Afghanistan’s most destructive earthquake in decades struck a remote southeastern region near the Pakistani border on Wednesday last week, killing at least 1000 people, injuring 3000 and destroying 10,000 homes.
“The place is not safe yet,” Afghanistan acting Minister of Public Health Qalandar Ibad told a news conference in Kabul, adding that tremors continued to be felt in the area.
Aftershocks on Friday killed five people and injured 11. There are no reports of injuries in the later tremors reported by Ibad.
He said structures partially damaged in the main shock are not liveable, and people had to live in tents.
On the other hand, he said the mercury would drop fast in comings weeks in the mountains and this presented a fresh challenge for authorities.
“People do not have shelters - elders, children. ... We ask the international community to pay attention,” he said.
The death toll of children in last week’s devastating earthquake has risen to at least 155, the United Nations said.

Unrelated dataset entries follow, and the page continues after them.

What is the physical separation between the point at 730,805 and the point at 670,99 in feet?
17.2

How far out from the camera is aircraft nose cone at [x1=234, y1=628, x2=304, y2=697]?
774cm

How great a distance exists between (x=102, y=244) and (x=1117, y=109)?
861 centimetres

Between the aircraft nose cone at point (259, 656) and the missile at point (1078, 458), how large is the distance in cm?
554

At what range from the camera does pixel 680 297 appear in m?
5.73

The UN’s humanitarian coordination organization, OCHA, said on Sunday that another 250 children were injured in the magnitude 6 temblor. Most of the children died in Paktika’s hard-hit Gayan district, which remains a scene of life in ruins, days after the quake.
Afghanistan’s Taliban rulers have put the total death toll from the quake at 1,150, with hundreds more injured, while the UN has offered a slightly lower estimate of 770, although the world body has warned the figure could still rise.

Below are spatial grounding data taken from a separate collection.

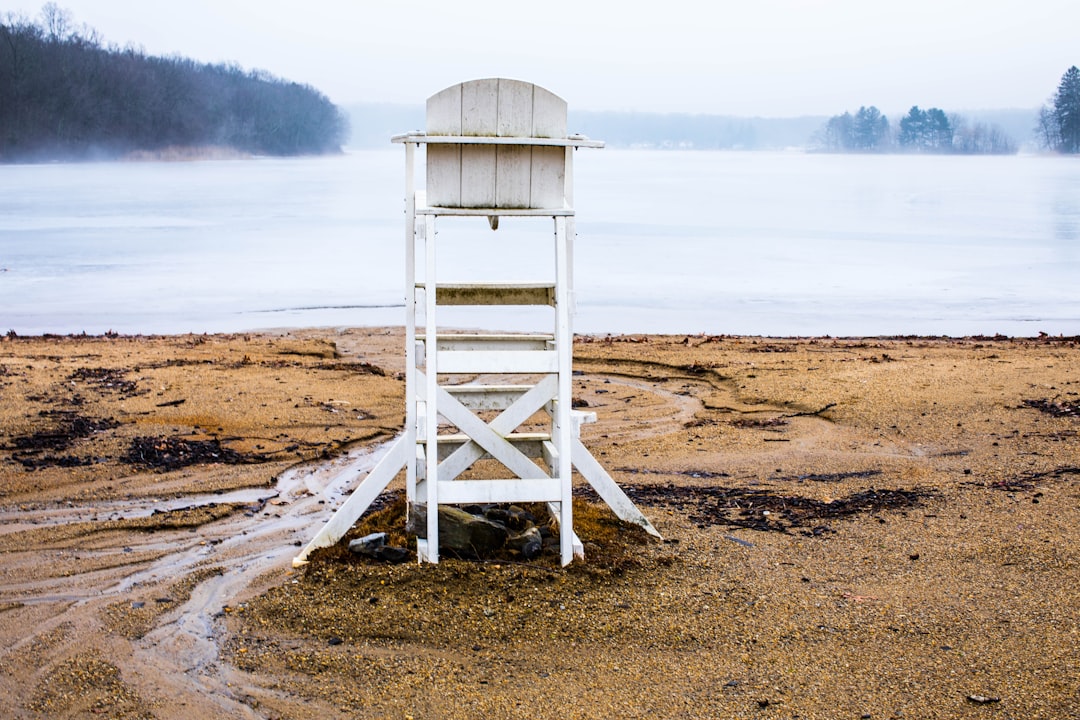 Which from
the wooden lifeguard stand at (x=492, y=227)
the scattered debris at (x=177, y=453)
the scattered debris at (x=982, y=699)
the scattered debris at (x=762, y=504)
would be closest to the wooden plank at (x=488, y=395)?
the wooden lifeguard stand at (x=492, y=227)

The disaster — the latest to convulse Afghanistan after decades of war, hunger, poverty and an economic crash — has become a test of the Taliban’s capacity to govern and the international community’s willingness to help.
When the Taliban seized power in Afghanistan as the United States and its NATO allies were withdrawing their forces last August, foreign aid stopped practically overnight. World governments piled on sanctions, halted bank transfers and froze billions more in Afghanistan’s currency reserves, refusing to recognize the Taliban government and demanding they allow a more inclusive rule and respect human rights.